Best Response According to RECIST During First-line EGFR-TKI Treatment Predicts Survival in EGFR Mutation-positive Non-Small-cell Lung Cancer Patients.

INTRODUCTION: The association between the response to first-line epidermal growth factor receptor (EGFR) tyrosine kinase inhibitors (TKIs) and survival in EGFR mutation-positive non-small-cell lung cancer (NSCLC) remains unclear. We studied the association between the response to first-line EGFR-TKIs and survival using Response Evaluation Criteria In Solid Tumors (RECIST) and maximal tumor shrinkage.

MATERIALS AND METHODS: We analyzed data from patients with advanced EGFR mutation-positive NSCLC enrolled in first-line gefitinib and afatinib trials. A total of 98 patients who achieved a response or stable disease and had ≥ 1 measurable target lesion were included. The association between the best response by RECIST or maximal tumor shrinkage and survival was analyzed in Kaplan-Meier and Cox regression models with the landmark method. The specified landmark time points were 8 weeks, the median time to maximal tumor shrinkage (16.5 weeks), and median progression-free survival (PFS; 56 weeks).

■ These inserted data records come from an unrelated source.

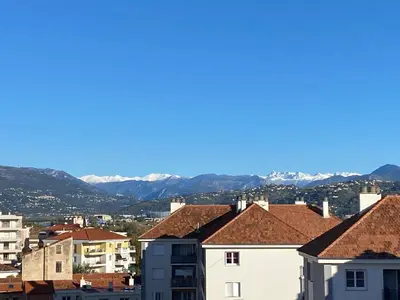 a view of the mountains from the roofs of buildings at Best Western Hôtel Journel Saint-Laurent-du-Var Aéroport in Saint-Laurent-du-Var
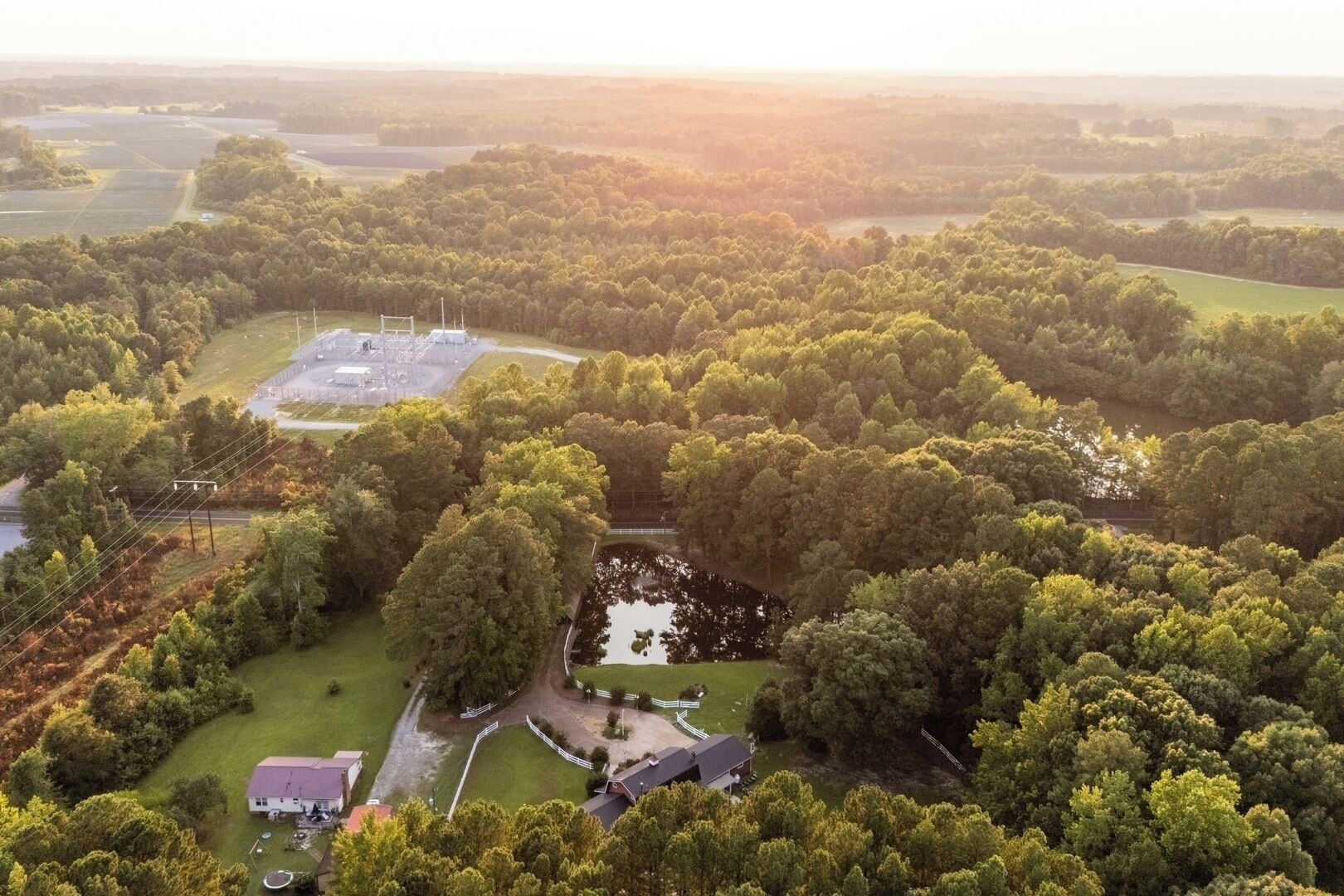 An aerial view of a rural property with a large field, a small pond, and a fenced area with a building.
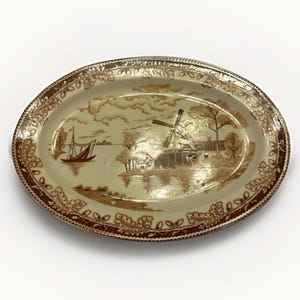 May include: An oval ceramic platter featuring a brown transferware print on a cream background. The central scene depicts a windmill, a sailboat on water, and trees. The wide rim is decorated with a repeating pattern of oak leaves and acorns.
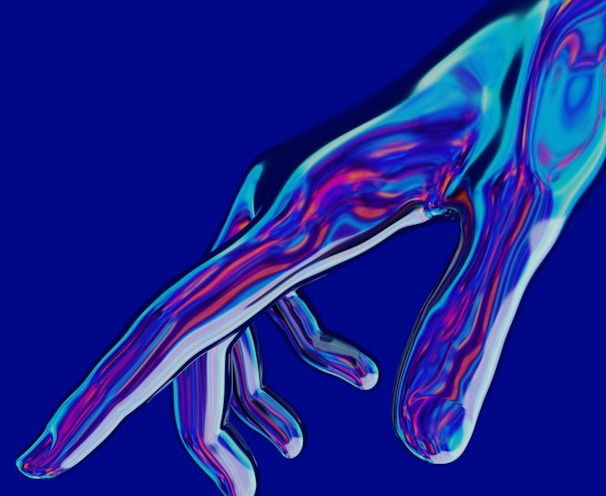 a blue and purple image of a person's hand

RESULTS: A total of 76 patients (77%) responded to gefitinib or afatinib. Of these 76 patients, 49 (64%) and 75 (99%) had achieved a response at 8 and 16.5 weeks, respectively. All responders had achieved a response by 56 weeks. The responders had a significantly longer PFS and overall survival (OS) compared with those with stable disease at 16.5 weeks (PFS, P = .003; OS, P < .001) and 56 weeks (PFS, P = .026; OS, P = .016) but not at 8 weeks (PFS, P = .104; OS, P = .313). Among the responders, greater tumor shrinkage was not associated with longer PFS or OS.

CONCLUSION: Those with a response to first-line gefitinib or afatinib had more favorable PFS and OS compared with those with stable disease. A sufficient observation period was required for the response to occur and predict outcomes. Greater maximal tumor shrinkage in the responders was not predictive of survival.